Saturday, September 2, 2017

Thoughts on Edith Wharton's Bunner Sisters

Working-class people as seen by Edith Wharton, seem real, but different to me than people of today.  (Or is that to-day?)

Less impulsive and with so many less things- it seems to me every house has too much stuff in it, and poverty today is not evidenced by a lack of things- only one shirt, no gloves- having to sell a cashmere scarf- but the quality of the things one has.

The poorest person I see- one or another person walking along with a shopping cart- has bags full of stuff.

Was this a time, in Wharton's world, where people really had nothing, when they had nothing?

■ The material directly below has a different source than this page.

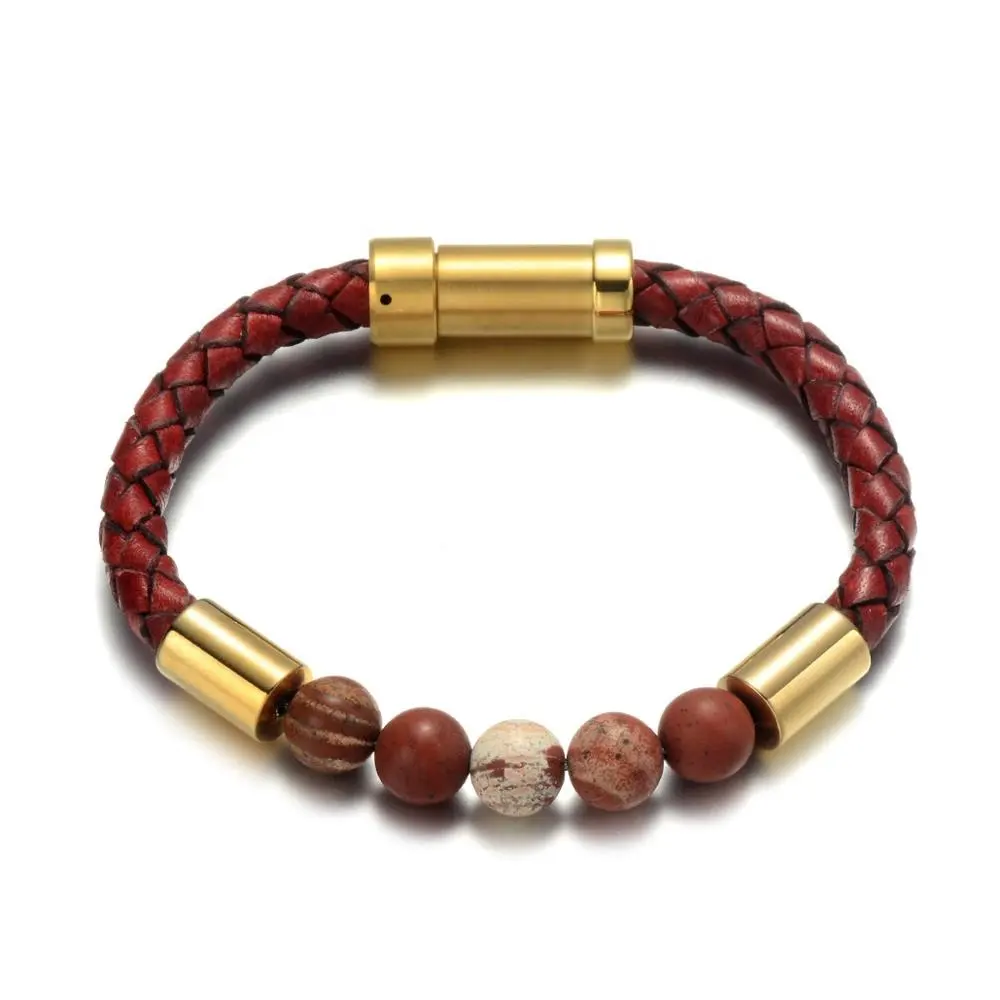 REAMOR Stainless Steel Indian Red Natural Stone Braided Genuine Leather Bracelet Bangles with Gold Plate Clasp for Men Women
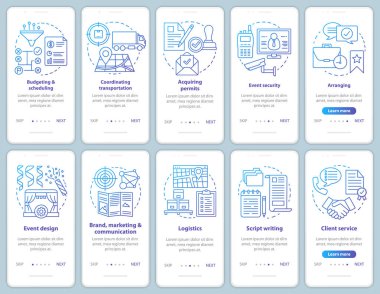 Olay yönetimi ve planlama hizmeti doğrusal kavramlar ile mobil uygulama sayfası ekranında. Özel etkinlikler sanayi walkthrough talimatları. Ux, Ui, Gui vektör şablonları çizimlerile ayarlanmış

I'm cleaning out my Mom's house as I've done with mine- a little.  And that means getting rid of 40 books, and keeping that many.  When did people in the US get used to having so much stuff and why do we think people with food, and shelter, and tv can be poor?



I notice she hyphenated lemon-pie.  She named many types of flowers; and I wonder if the first audience tended to know most of those names. 

The Introduction, by Hermione Lee, calls the work an example of "compassionate realism" and I think that's a great way to put it.  Bunner Sisters was originally in a work called Xingu- a collection of stories.


I wonder what would have happened if Ann Eliza had given in.  I can picture happy days for them; but it's doubtful.

Once again, I am left wondering about the characters- why did they do that?  What would have happened if something else had taken place? - rather than what I think many times- Why did the writer write it that way.  That's stupid.

It's the suspension of disbelief, and the "not looking behind the curtain" that makes me continue to want to read everything Edith Wharton wrote.